Lorenz Gude - Short Writing
Bit of Biff

HOME

My late son Lorenz
About Me
Contact Me
Bit of Biff
An African Moment

An initiation into the rage of human experience

About 3 oclock on Sunday I went to the concert celebrating Aboriginal survival on the Perth foreshore organised annually by my friend Marlene. I took the train using my new seniors ticket that gives me free public transport on Sundays for the first time. I had gone last year too and the scene was similar with hordes of young people flocking into town to see the fireworks display that follows the concert in the evening. This year I noticed that a significant number of the young women had taken actual Australian flags and made skirts and tops out of them. There was quite a variety from the very revealing to the downright modest. To someone who is both an Australian and an American it was an interesting experience. Americans would regard the use of the national colours as dressmaking fabric as highly disrespectful of the US flag and it just wouldnt happen as a general thing.
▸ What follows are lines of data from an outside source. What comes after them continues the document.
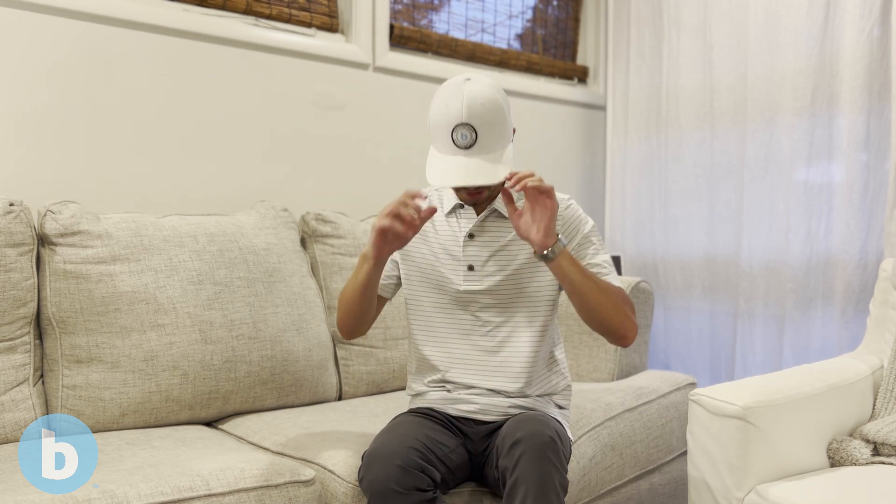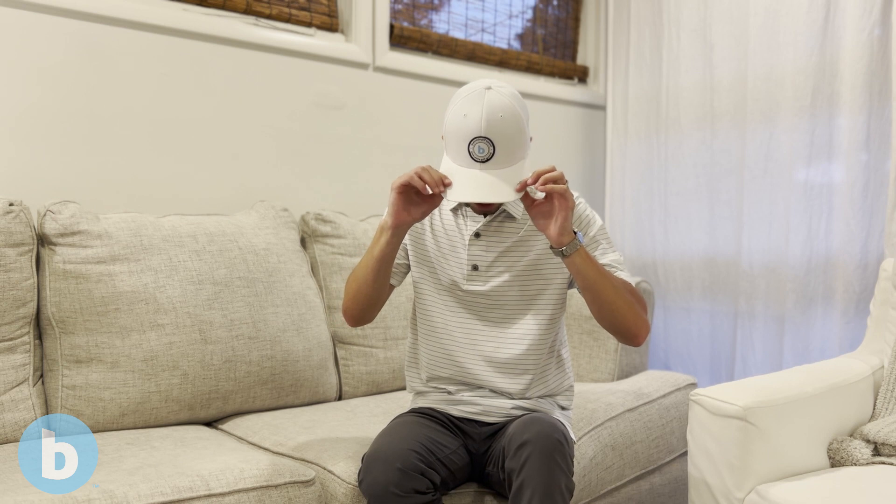Welcome to the Blue Caddy YouTube channel — this is video number one. We're here with the man himself, the founder of Blue Caddy, Bryant Smith. Bryant shows off the Blue Caddy logo hat — you can get it on bluecaddie.com, so go get you one.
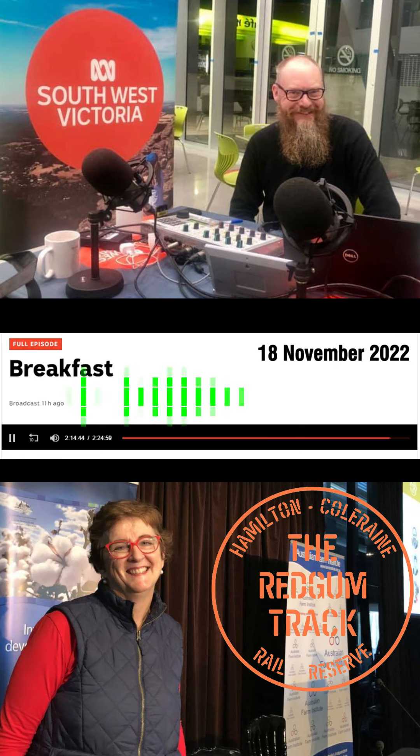Before we get to Steve, rail trails are, of course, fantastic things. We have some beautiful ones in our part of the world. The Port Ferry to Warrnambool Rail Trail, Camping Down to Timboon, Ballarat to Skipton.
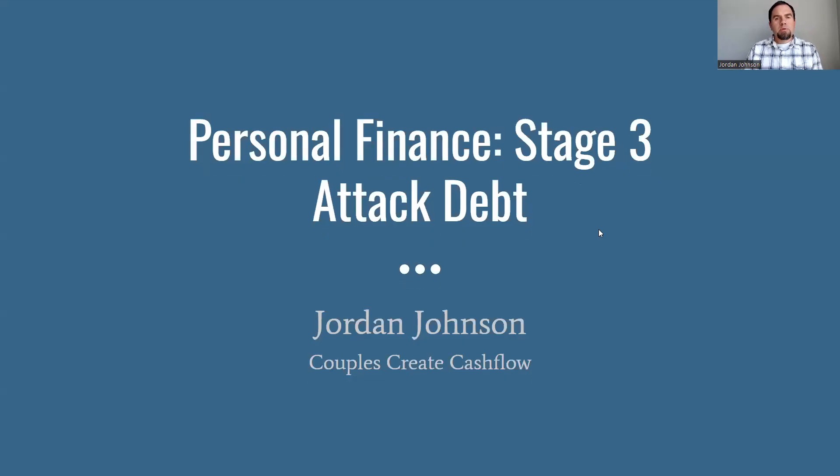Hello, and welcome to Couples Create Cashflow. My name is Jordan Johnson, I'm your host. Today we are following up in our Win With Money series, which is stage three: attack debt.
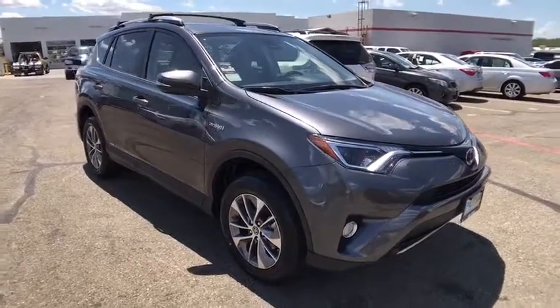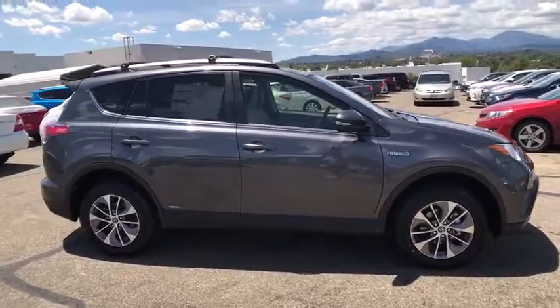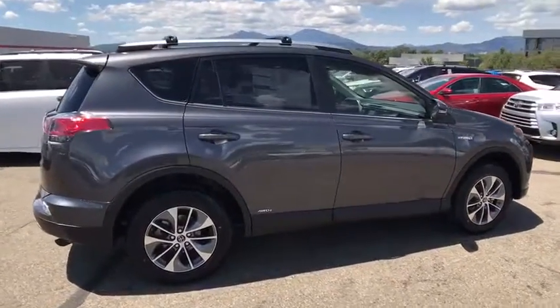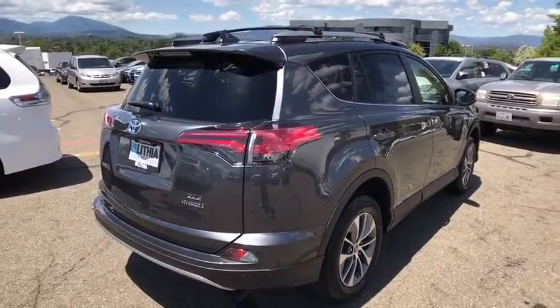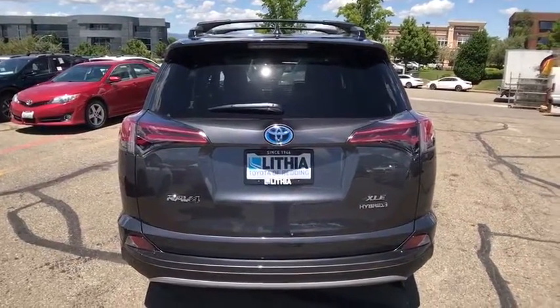The 2017 Toyota RAV4. The RAV4 is one of the most fuel-efficient SUVs in its class. Versatile and efficient, RAV4 mixes the comfort and drivability of a sedan with the benefits of an SUV. This highly evolved, well-packaged crossover SUV lets you have it all.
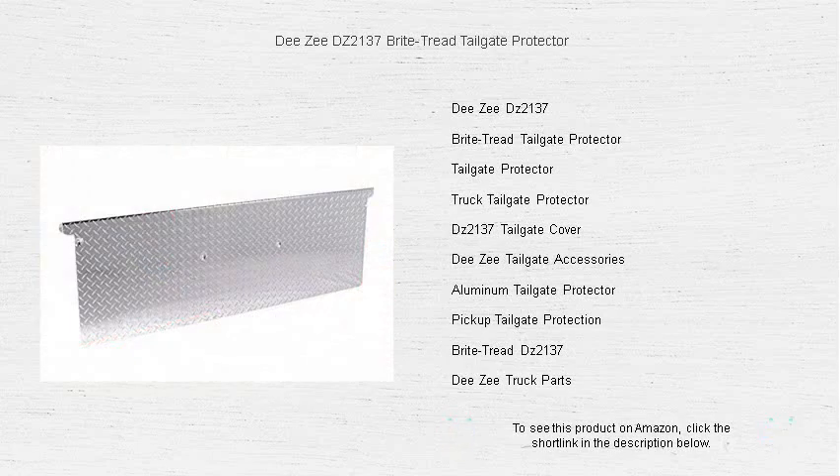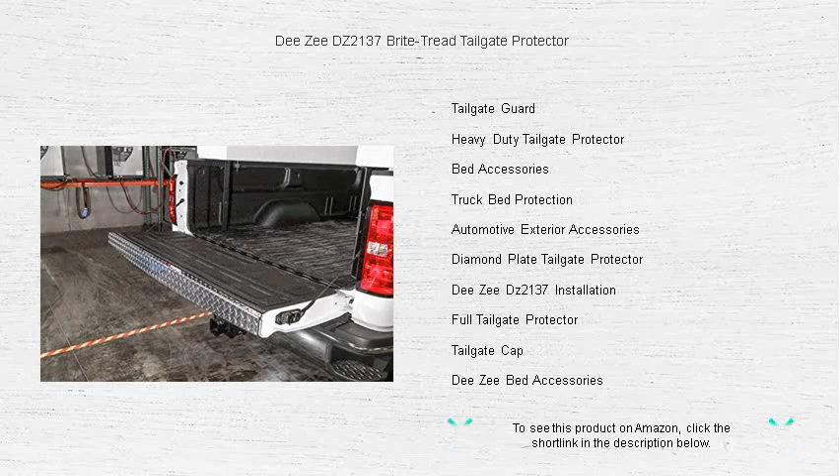Custom-fitted for a seamless installation, it adds a sleek, rugged appearance to your truck while enhancing its durability. The clear powder coat finish not only amplifies its shine but also ensures that it stands up to the harshest elements.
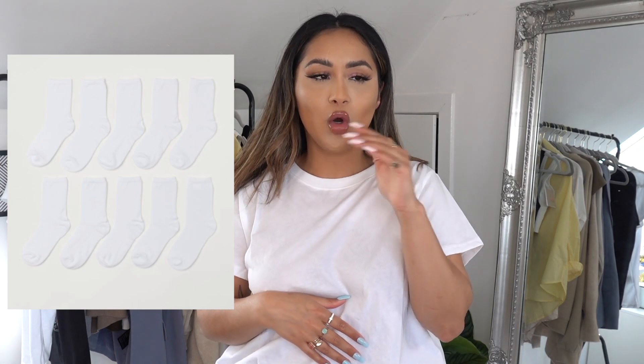Another thing everyone needs from H&M are their socks. I tie dyed mine so I can't show them but they do a set of 10 or 12 for like £12 — they're the high top ones. Other retailers sell one pair of socks for three to four pounds and you get 10 for £12 here — such a bargain. The quality is really great, they don't crumble or go bad after a couple of washes. They're super good quality cotton material — everyone needs them.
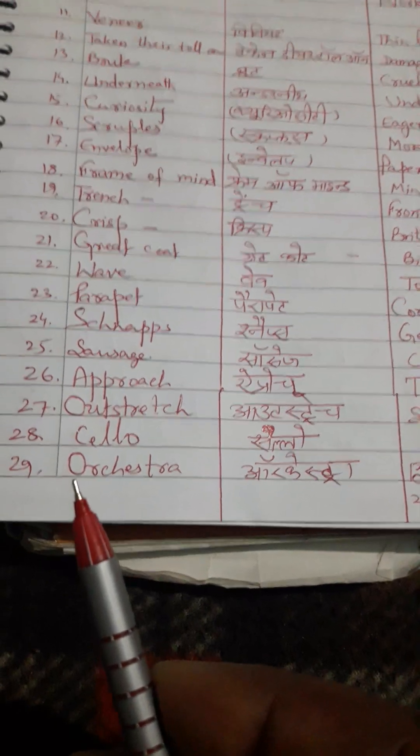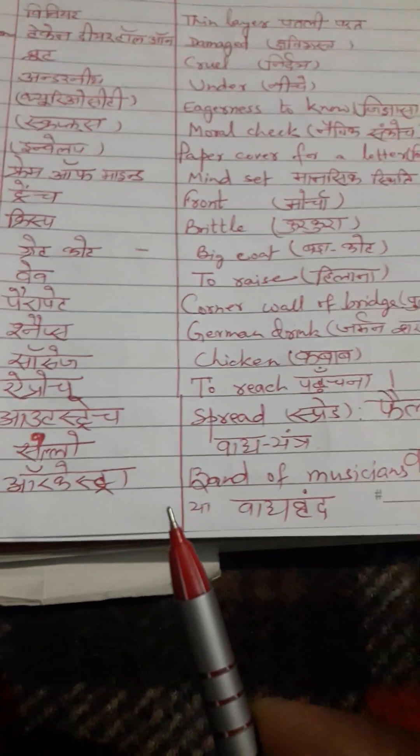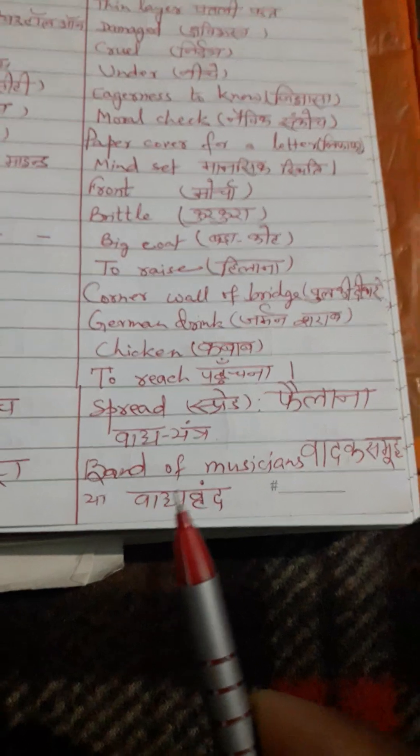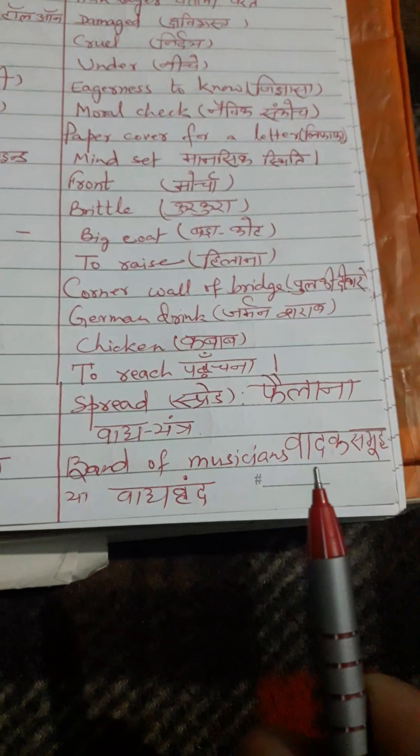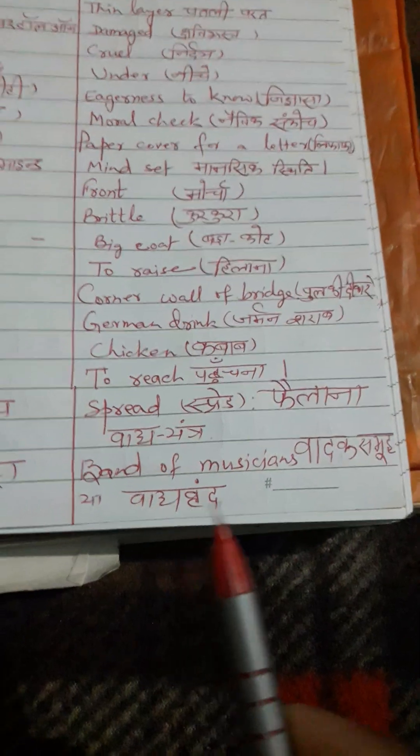The twenty-ninth word is 'orchestra.' Correct pronunciation is orchestra. English meaning: band of musicians. Hindi meaning: vadyasamuh ya vadyavind.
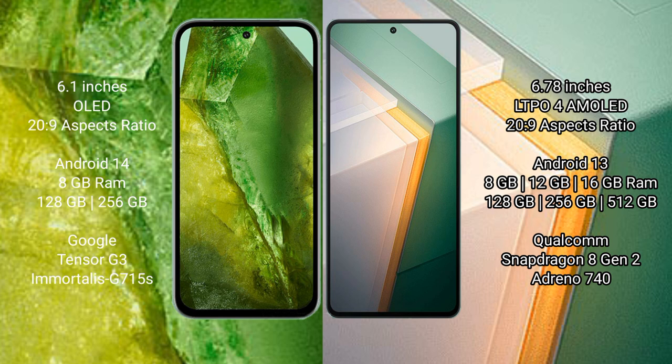The Google Pixel 8a runs on the Android 14 operating system, while the Vivo iQOO 11 runs on Android 13. The Google Pixel 8a comes with 8GB RAM and 128GB or 256GB internal storage, powered by the Google Tensor G3 processor with an Adreno 740 GPU. The Vivo iQOO 11 comes with 8GB, 12GB, or 16GB RAM and 128GB, 256GB, or 512GB internal storage.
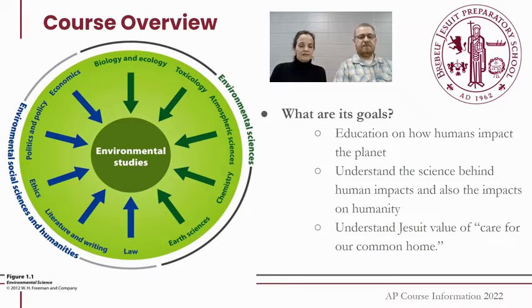For environmental science, the definition of this course and everything that we do is looking at how humans impact the planet. We put a graphic up here so you can see that this is a very interdisciplinary course. It is a science course because we look at the science, the numbers, and the data behind the human impacts on the planet, but we also look at the humanities side of it — the economics, ethics, policy, and politics. This class is extremely interdisciplinary; it's not just about the science of it.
But I know that Australians feel differently. It is wartime, but unless the polls are completely wrong, I would say the great majority of these young women would have been anti war. Their wearing of the flag an expression of their Australianness. Perhaps not an anti war protest per se - but an assertion that right now to be young and Australian IS to be anti war.

The concert itself was uneventful but very hot. I lasted a couple of hours and a couple of good dances with Marlene to a country band from Broome. After the concert on the way back to the train station I sensed some sort of disturbance on the street. There was a young girl across the street that seemed to be the focus of attention near a group of perhaps four or five other young people - one was dressed in a rabbit suit with whom she might have been connected. She had on the shortest of mini skirts and an equally miniscule halter-top all made from the Australian flag. She seemed to trying to pick up something that had been dropped on the street but I couldnt see what her difficulty was except perhaps she couldnt do it without showing everyone her underwear. The skirt really was so short that it only covered walking upright.
With whatever had happened probably over I walked on and then saw two more girls on the other side of the street dressed in identical outfits to the first one. These two were having a serious fight but eerily hadnt yet drawn the attention of the crowd on my side of the street the way the first girl had. They looked about 14 - not fully grown in height, with young girl hips, but full breasts. They had identical long blonde hair in flowing ringlets and builds as well as the skimpy flag outfits. They could have been sisters - twins even from across the street and they were really fighting. Holding on to each other and punching each other in the head for all they were worth. It was bizarre with the identical costumes and hairdos.
 
Superficially, it was more like a put on mud wrestling exhibition, except for the clear intent each had to hurt the other. Beneath the surface it looked like three close teenage friends had made sexy costumes together for the big fireworks night out and there had been a terrible falling out. Teenage girls often mirror each other this way I am told by a female friend who went to high school here in Perth and if they fall out the antipathy between the former friends was often strong vicious was the word she used and commonly ended in physical fighting in the girls lavatories. Another cultural difference the girls in my American high school were more well known for defaming each other on the girls room walls sometimes in bright red lipstick - than getting into fights.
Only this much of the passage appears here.